Alberta Wilderness Association (AWA) has learned that Canada's Department of Fisheries and Oceans (DFO) has been secretly developing plans to reduce protection of the aquatic environment. Documents were sent anonymously to Martha Kostuch, Vice-President of the Friends of the Oldman River.

"The Modernizing Compliance Initiative came as the result of an expenditure review exercise that was carried out in complete secrecy from staff, unions and the Canadian Public," notes Kostuch. "The department is still trying to quietly undertake this initiative, reducing both the level of service to Canadians and the level of protection of the aquatic environment. This becomes clearer when comparing the information available to staff on DFO's Intranet website to the information provided to the public on DFO's public website."

Under the secretly-developed Modernizing Compliance Initiative, DFO is planning to cut 80 fishery officer positions and 42 habitat management positions. DFO plans to help offset the reductions of staff by the creation of 40 new habitat stewardship and monitoring officers' positions. The Fisheries Act has no provision for such positions and provides no authority for them to conduct inspections, to respond to complaints or to enforce the Fisheries Act.

Fish habitat protection funding will be cut by $2.3 million in 2005 if the Federal budget is passed with further cuts to a total of $7 million a year by 2007.

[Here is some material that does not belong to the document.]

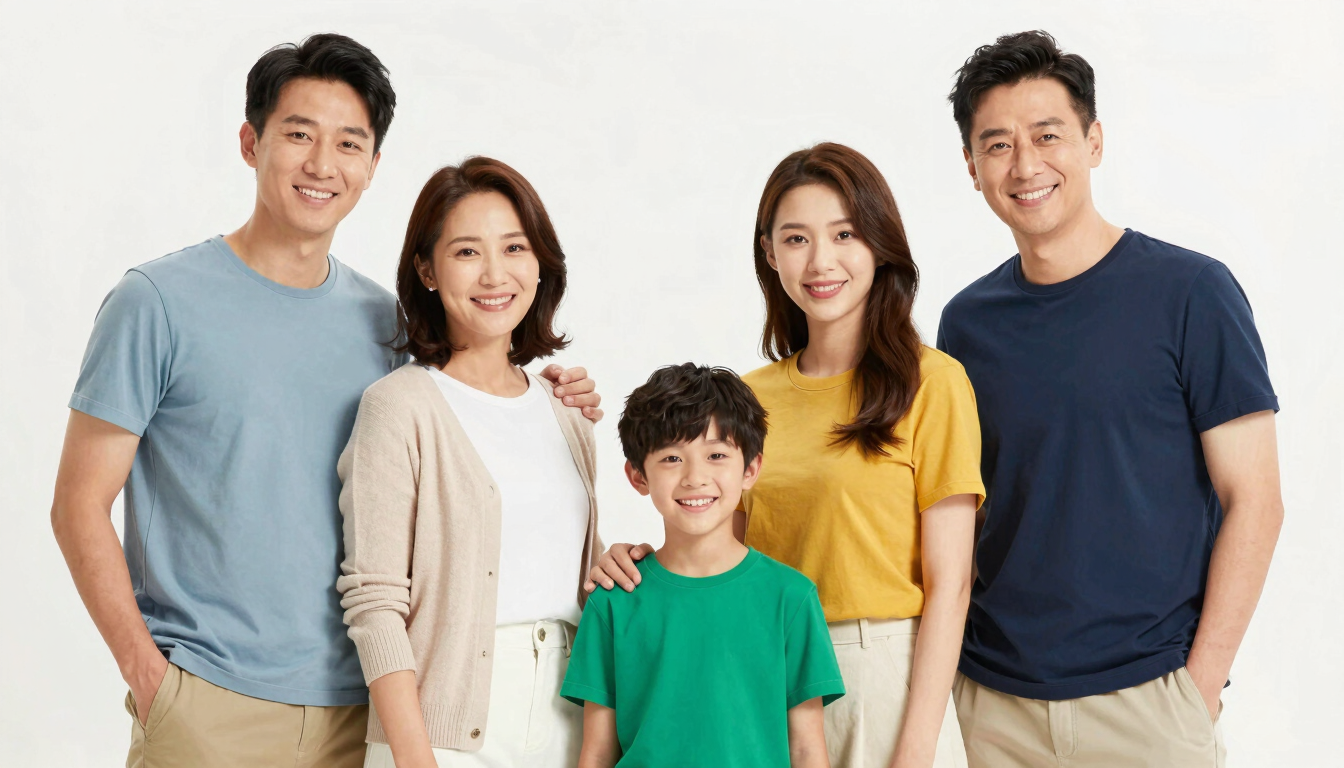 Bright commercial photography of a family smiling together in coordinated modern outfits, clean white studio backdrop, high-key lighting, sharp focus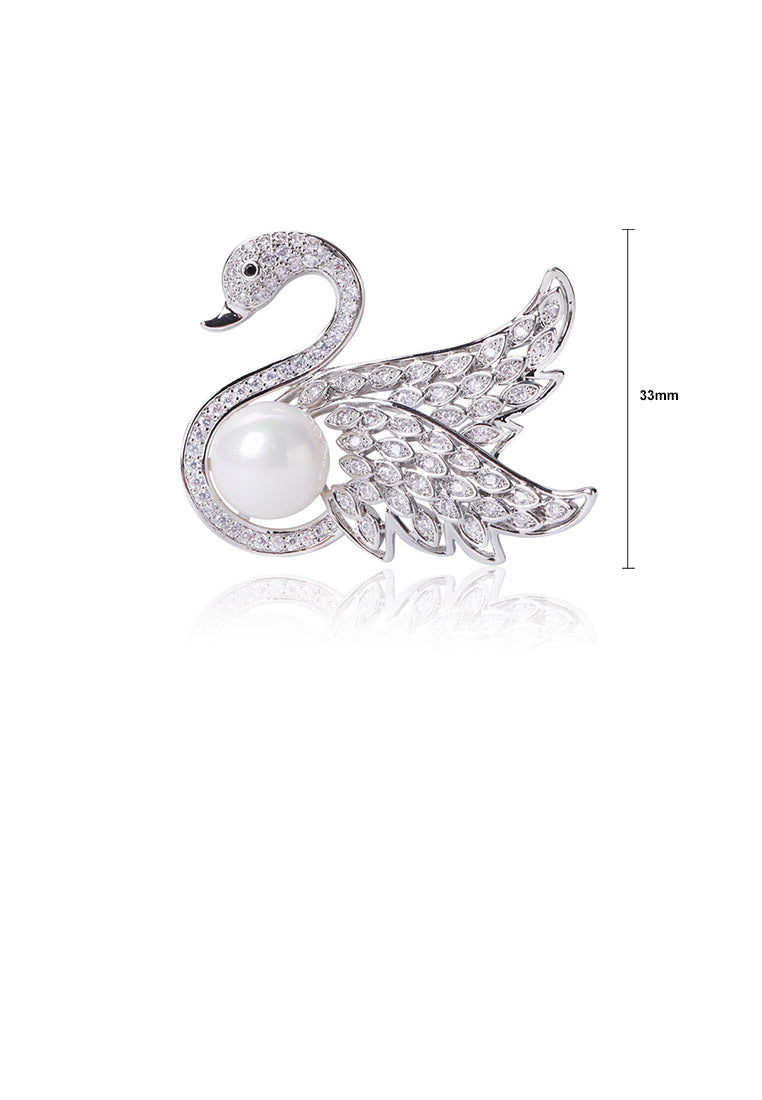 Fashion and Elegant Swan Imitation Pearl Brooch with Cubic Zirconia - Luxurious Look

"It is no wonder that this is being done in secrecy-it is an affront to decades of hard work by Canadians who care about their waterways and good public process," says Cliff Wallis, AWA Past-President and President of Friends of the Oldman River, who is upset by the latest news. "We need to strengthen, not weaken, our enforcement capacity and funding for conserving fish habitat. This is the most important tool for protecting and improving the quality of our aquatic environment."

The Standing Senate Committee on Fish Habitat has prepared an Interim Report which states: "It would be a serious mistake if the Department's fish habitat program were to be adversely affected by an internal reallocation. Moreover, the Committee strongly believes that the DFO needs additional funding."

The 2002 Annual Report of the Commissioner of the Environment and Sustainable Development which oversees the Auditor General's environmental petitions process noted that:

  • protecting fish and fish habitat had been the most dominant concern of petitioners during the first five and a half of the petitions process-nearly half of environmental petitions touched on fish and fish habitat or related issues; and
  • in 2002, the DFO continued to be one of the most petitioned federal departments.